For the most part, yes. But it might not be just that. It is a power and money grab that the FBI may be saying NO to.

Looks like they got a whiff of the "Aspen Report."

http://www.aspeninstitute.org/sites/default/files/content/docs/pubs/HS-HPSCI-hearing-011812.pdf

Select quotes...

The growth of our expectations of domestic security, and the evolution of threats away from traditional state actors toward non-state entities -- drug cartels, organized crime, and terrorism are prominent examples -- suggest that the DHS intelligence mission should be threat agnostic.

(Everyone is suspect.)

In English it is saying "non-international." (hold that thought) Then they try to create the impression that there is a "gap" in the current intel apparatus.

In an age of budget constraints, pressure on DHS to focus on core areas of responsibility and capability -- and to avoid emphasis on areas performed by other entities -- may allow for greater focus on these areas of core competency while the agency sheds intelligence functions less central to the DHS mission. Analysts and managers in Washington’s sprawling intelligence architecture often speak of the value of competitive analysis -- analysts at different agencies, for example, looking at similar problems to ensure that we miss no new perspective, no potentially valuable data source."

Well, we certainly would not want that, lets go with a single source of information that is not questioned!

There remains room for this type of analysis, (Well that's mighty big of `em) but there are enough agencies pursuing the terrorist adversary to allow DHS to build a new analytic foundation that emphasizes data, analytic questions, and customer groups that are not the focus for other agencies. Analysis that helps private-sector partners better understand how to mitigate threats to infrastructure, for example, should win more resourcing (MONEY) than a focus on all-source analysis of general threats, such as work on assessing the perpetrators of attacks. Conversely, all-source analysis of terrorist groups and general terrorist trends should remain the domain of other intelligence agencies.

So, the blanket label of "terrorism" is used to justify this power grab. Above, terrorism is referenced as "non-state" i.e. international, to prove there is a gap in intelligence gathering. Below, there is a reversal of this in the "understand overseas terrorist incidents and translate them into analysis for the US."

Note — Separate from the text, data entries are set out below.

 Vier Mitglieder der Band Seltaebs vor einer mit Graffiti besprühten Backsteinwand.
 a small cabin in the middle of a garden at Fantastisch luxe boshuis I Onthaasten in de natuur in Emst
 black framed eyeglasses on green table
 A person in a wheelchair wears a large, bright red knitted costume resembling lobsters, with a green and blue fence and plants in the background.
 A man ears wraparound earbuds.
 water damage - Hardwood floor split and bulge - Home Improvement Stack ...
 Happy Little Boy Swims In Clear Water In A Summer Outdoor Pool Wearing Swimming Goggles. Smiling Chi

This new approach to intelligence (new and improved!) -- serving local partners’ requirements, providing intelligence in areas (such as infrastructure) not previously served by intelligence agencies, (duh) and disseminating information by new means -- reflects a transition in how Americans perceive national security. For this reason, state/local agencies, as clients for DHS intelligence, should also be involved in the development of requirements for what kinds of intelligence on emerging threats would be most helpful, from changing tactics for smuggling aliens into the United States to how to understand overseas terrorist incidents and translate them into analysis for the US.

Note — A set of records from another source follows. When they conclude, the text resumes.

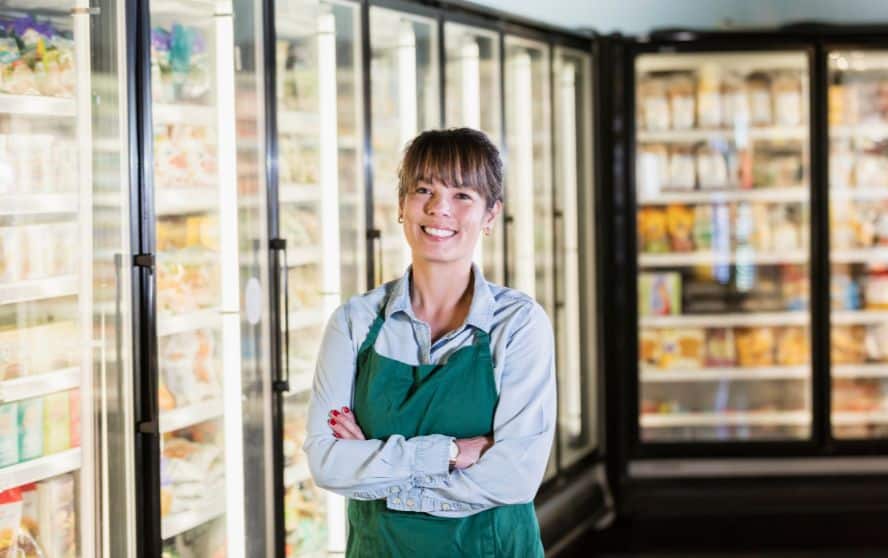 Mujer parada frente a refrigeradores comerciales en supermercado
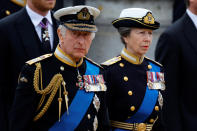 <p>King Charles III and his sister Princess Anne in procession behind the Queen's coffin as it is taken to Westminster Abbey. (AFP via Getty Images)</p> 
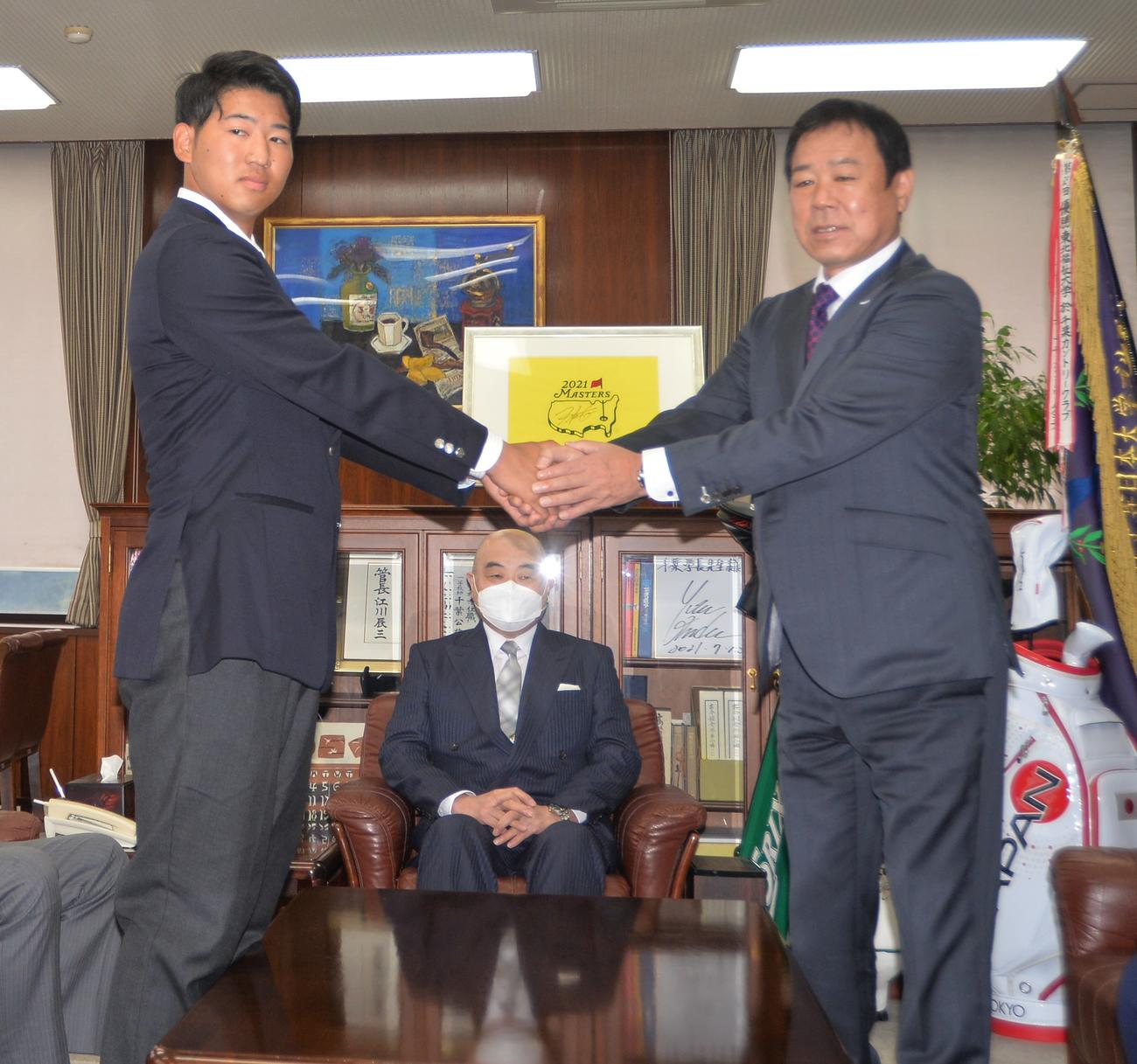 指名あいさつに臨んだオリックス1位指名の東北福祉大・椋木（左）は福良GM（右）と握手を交わす（撮影・佐藤究）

What part of "not previously served" did they not understand when they wrote "providing intelligence in areas (such as infrastructure) not previously served by intelligence agencies,"

Throughout the document there is the pervasive intrusion into state and local law enforcement agencies. there are no less that twelve direct references to this.

Local private sector (1)

Local partner (5)

local agency (3)

local police agency (1)

localized (1)

And they will "help" with the screening, hiring and training of all those "interfaces" with the State and local P.D's.

That is not the end of it. They want in on the private sector as well.

There are eight references to "private" with six as "private sector" and one each to "private partnership" and "private."

And here is the money quote... DHS customers will require information with limited classification; in contrast to most other federal intelligence entities, DHS should focus on products that start at lower classification levels, especially unclassified and FOUO, (For Official Use Only).

Unclassified and FOUO.

And that means ALL unclassified data. Credit cards, phone records, DOT info, school records, medical, internet, email, commercial business data, E-V-E-R-Y-T-H-I-N-G that would normally require your permission or a warrant.



Nice huh?

Perhaps the FBI got wind of an effort by little bammy's crew to go down that road. What with his monstrous E.O. expanding the Emergency Powers to "in peacetime and in times of national emergency" it is quite plausible.

Perhaps the FBI did not want their REAL intel being thrown in the pot with Unclassified and FOUO.

Perhaps someone in the FBI just said "OH HELL NO."

.

27 posted on 04/19/2012 11:44:29 AM PDT by TLI ( ITINERIS IMPENDEO VALHALLA)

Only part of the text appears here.